Hearing from Keir that he saw untuned ATLAS outperform us by a 30% margin, which would be very unusual, I ran our benchBlasGemm a bit. By the way, I updated it to make it compile, which involved removing the eigen_...._normal path which didn't look useful (?), hope it's OK. Also, it was missing a extern "C" around the cblas #include.
So I installed the most optimized ATLAS package that I could on Fedora, built with SSE3.
[bjacob@cahouette bench]$ ./benchBlasGemm 4096 4096 x 4096 x 4096 cblas: 8.73982 (7.862 GFlops/s) eigen : 8.9491 (7.678 GFlops/s) [bjacob@cahouette bench]$ ./benchBlasGemm 4096
4096 x 4096 x 4096 cblas: 8.51913 (8.066 GFlops/s) eigen : 8.42922 (8..152 GFlops/s)
So _my_ results show Eigen3 and ATLAS running at the same speed roughly, albeit with a great variability.

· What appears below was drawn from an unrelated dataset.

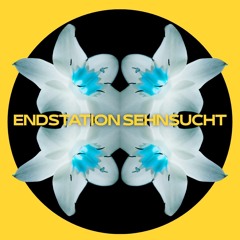 Endstation Sehnsucht 09.25 - Cali Caracho - Funky Driving Hard Groove Set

This is still perplexing for 2 reasons:
- we used to beat ATLAS by a wide margin. - the roughly 8 GFlops here are not too good. My CPU is a Core i7 at 1.66 GHz. So x4 (because of float) and x2 (pipelining of addps and mulps) we should aim at 13.33 GFlops. So we are running here at only 60% of the theoretical maximum; I think we used to do much better than that.
So let me ask Gael and Keir: * Keir: what do you get on this benchmark? How did you get this result where ATLAS outperformed us by 30%? * Gael: suppose I want to get deeper into this, where do I start?